Eh sì, perché siamo di fronte al Testo Unico delle Leggi di Pubblica Sicurezza, una cosa più antica della Costituzione e sicuramente molto più chiara, promulgata con il Regio Decreto 18 giugno 1931, n. 773. Una legge alla quale ricorse la Ministra della Pubblica Istruzione Stefania Giannini (governo Renzi), nel maggio 2014, per affermare che solo il Prefetto può aggiustare i giorni lavorativi dei dipendenti degli uffici scolastici, talché nessun post-provveditore può “dare di ponte” un giorno infrecchiato tra due feste: in quell’anno era un lunedì dopo una domenica (e questo si sa) e il 1° maggio (e questo non capita spesso). Se vogliamo dare addosso al vicecomandante dei Vigili che avrà pochi strumenti per indovinare quale legge applicare, la Ministra era una glottologa, rettore dell’Università per Stranieri di Perugia, poi vicedirettrice dell’UNESCO.

Ora voi vorreste sapere da me che c’è di strano che sia in vigore una legge del 1931. Mi insospettisce la data. Siamo subissati da accorate perorazioni affinché scompaia ogni traccia di fascismo: e si auspica che si faccia piazza pulita di ogni esaltazione toponomastica, a partire da Garibaldi e Cavour (sì, non erano fascisti, ma è colpa loro di tutto quello che è successo poi, anche la Democrazia Cristiana diciamocela tutta). E teniamo ancora sulle scrivanie di prefetti e questori (anche ministri, come nel caso della Giannini) quei 224 articoli che stringono in una morsa indefettibile i diritti dei cittadini.

Tale e tanta è la pervasività di un antifascismo consapevole e quasi militante che ognuno intuisce come in quell’anno c’era proprio il fascismo al potere.

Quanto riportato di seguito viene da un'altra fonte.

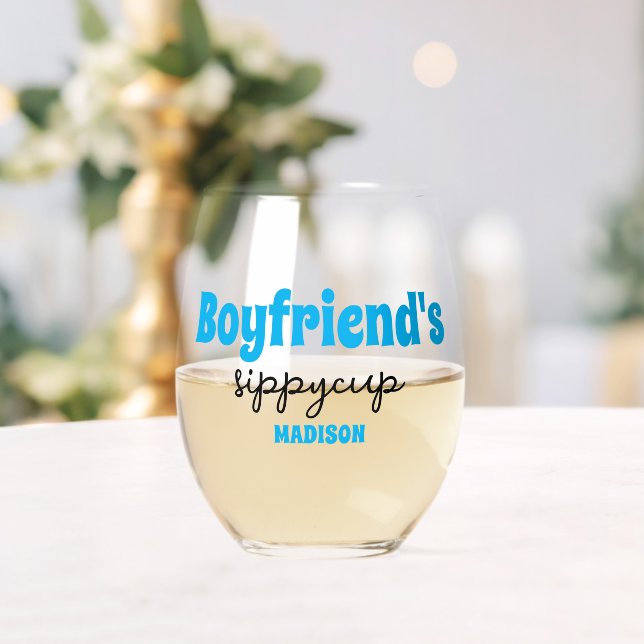 Personalised Boyfriend's Sippy Cup  Stemless Wine Glass (Insitu (Wedding))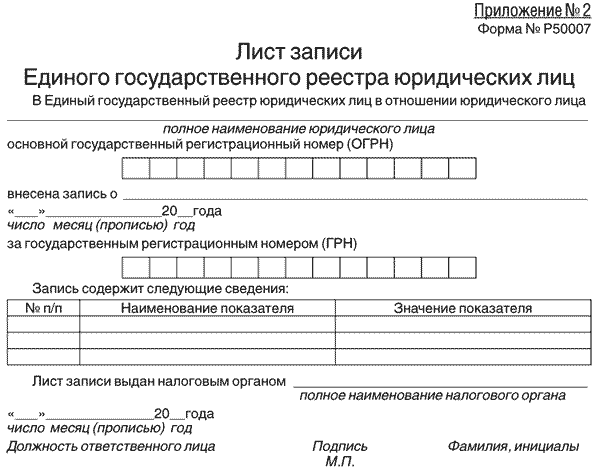 Листа записи о создании юридического лица образец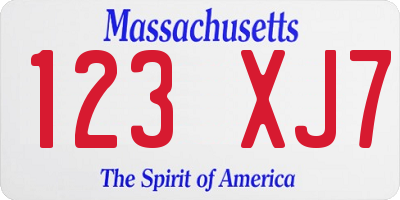 MA license plate 123XJ7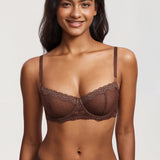 Women's Sexy Mesh Lace Balconette Bra Gravel Beige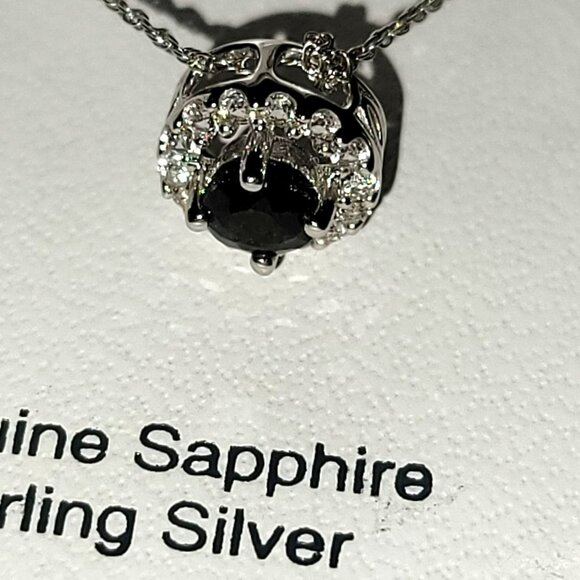 Sterling Silver Blue Sapphire & Diamond Necklace & Earrings Sept Birthstone DH1 - Picture 14 of 16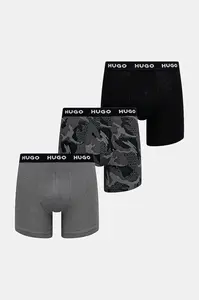 HUGO boxerky pánské bavlněné s elastanem BOXERBR TRIPLET DESIGN 3-pack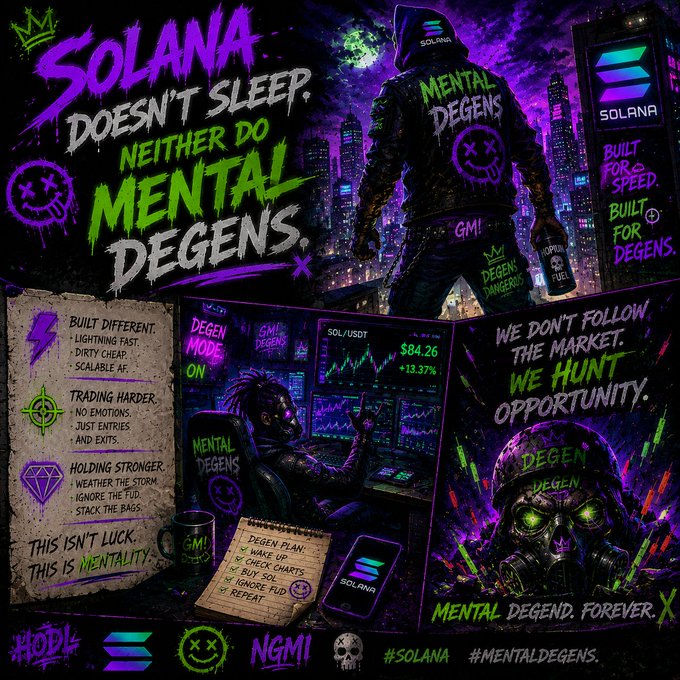 The image features a poster with a man wearing a black hoodie, standing next to a computer screen displaying stock market data. The poster also includes text that reads "Solana doesn't sleep neither mental deegens. We don't follow the market. We don't follow the hunt. We're already trading on it. Survive this cycle and you'll understand why $SOL changes everything."
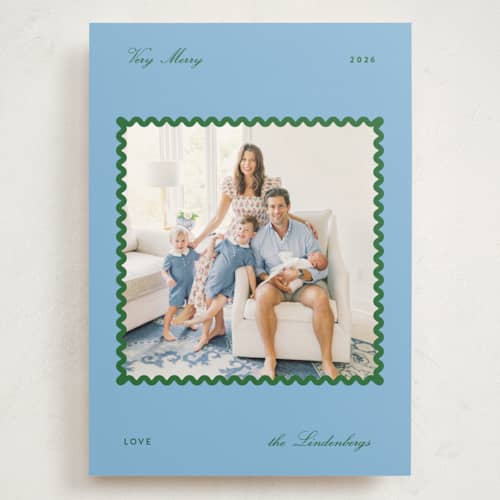This is a elf holiday photo cards with standard by Pati Cascino called solo printing on signature in grand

Anzi è Mussolini in persona, che il 5 novembre 1926 aveva assunto anche l’incarico di Ministro dell’Interno (come Salvini adesso), il quale ritrova a capo della Polizia un signore che conosce benissimo e stima tantissimo, nominato da poco, il 13 settembre 1926. Ogni antifascista ha scoperto nome e cognome di chi parliamo. Si tratta, infatti, del sangiorgese Arturo Bocchini, che terminerà la sua carriera con la caduta di Mussolini.

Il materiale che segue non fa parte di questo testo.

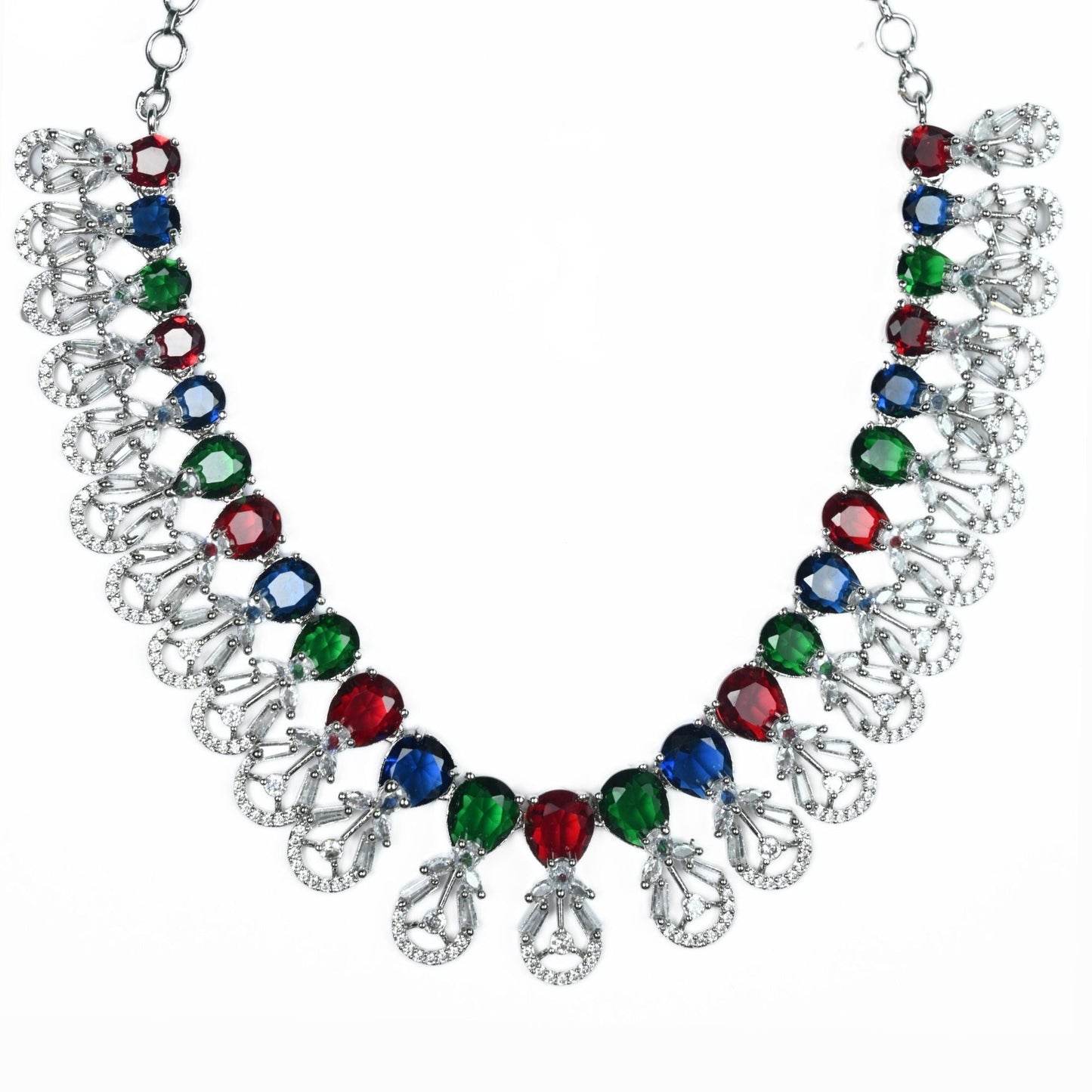 Necklace - Blooming Elegance Rhodium Necklace - Opal Touch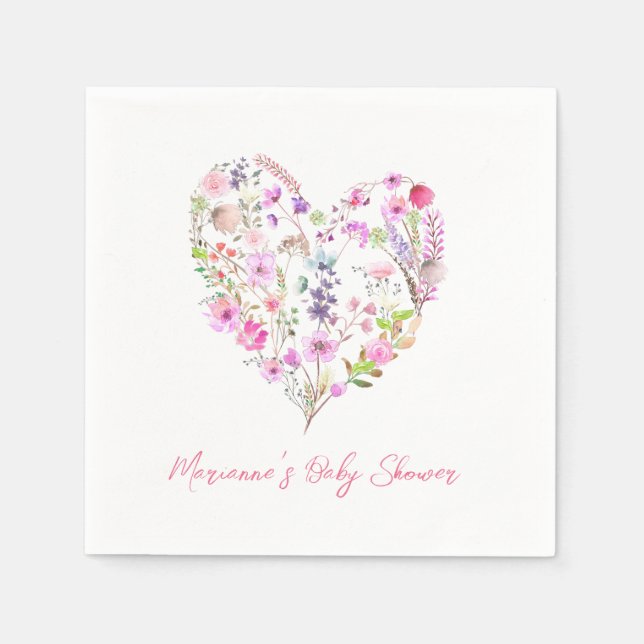 Pink Floral Heart Baby In Bloom Baby Shower Napkin (Front)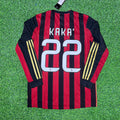 Kaká AC Milan 2013/14 Long Sleeve Home Retro Football Jersey – Back View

Non è l’unica istituzione fascista a essere stata ribattezzata con l’acqua lustrale della democrazia repubblicana. Oltre ai quattro codici, più quello della navigazione, ci sarebbero la legge urbanistica e quella sul diritto di autore. Ma è veramente inconcepibile che nei 70 anni di vita della Costituzione Repubblicana nessuno abbia trovato il tempo di scrivere daccapo una disciplina dei limiti dei poteri di polizia rispetto alle manifestazioni (pubbliche o private che siano) di diritti fondamentali di libertà. Capisco che nei primi tempi molti antifascisti si trovavano ad essere anche ex-fascisti; ma oggi bisogna cercare col lanternino qualche reduce vivente. Si può scrivere insomma un Testo Unico delle Leggi sulle Libertà Civili (attenti: non dei soli cittadini). Un TULLC.

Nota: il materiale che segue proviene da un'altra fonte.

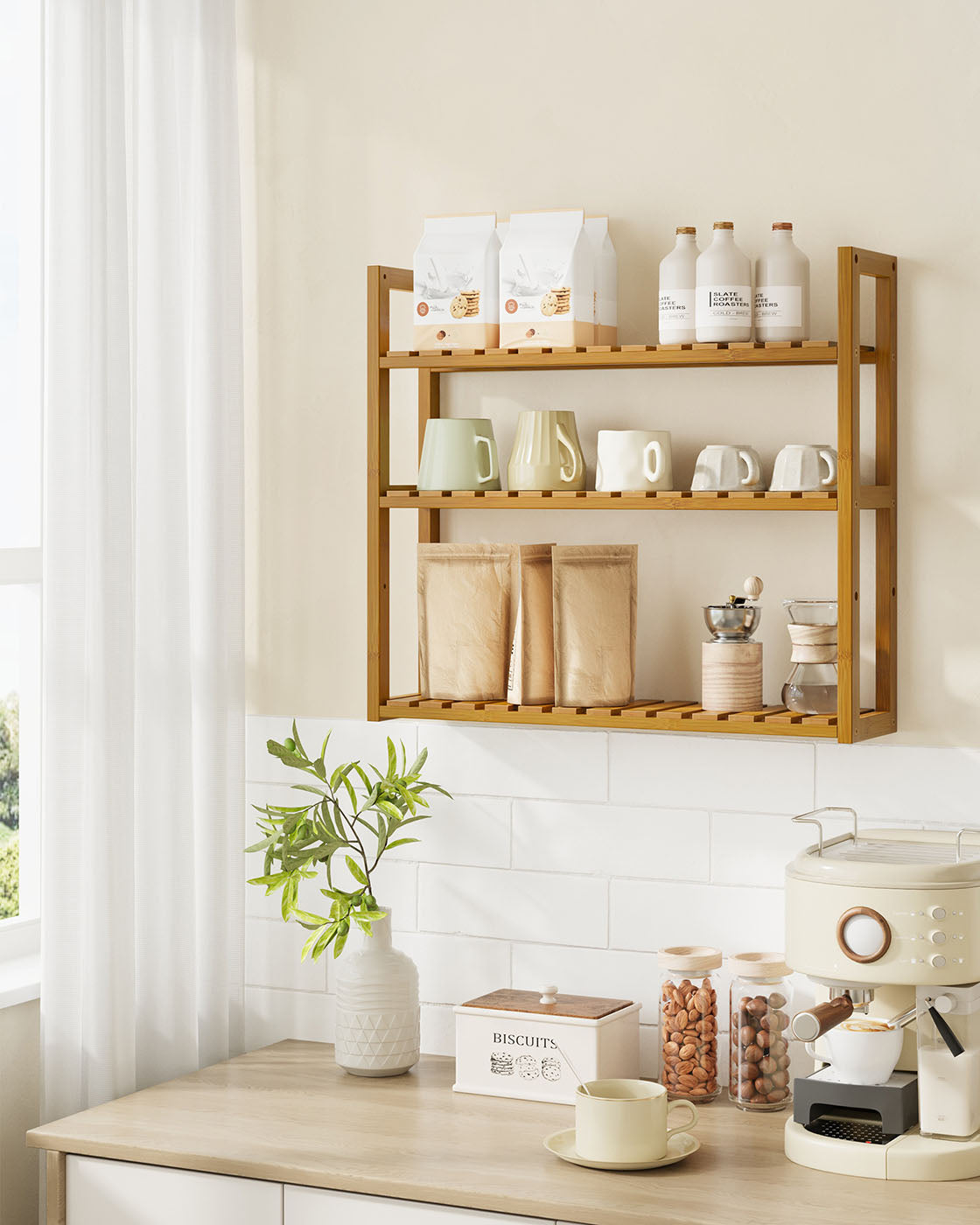 Bath rack with 3 adjustable shelves - 15x60x54 cm - coffee brown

A meno che non si voglia certificare che Arturo Bocchini e Benito Mussolini avessero tanta stima del loro fascismo da farne una medicina buona anche per la tranquillità dei futuri “sinceri democratici”. Allora il Longobardo con la barba rossa potrebbe appigliarsi all’Editto di Rotari, laddove nel nome del sovrano si ravvisasse la radice (rota per ruota) del nome di quel maledetto aggeggio inventato da un barone tedesco nel 1817. Forse per i vigili beneventani è più avvezzo il termine veloci-pede, nel senso che il Longobardo è bene che se la dia a gambe levate.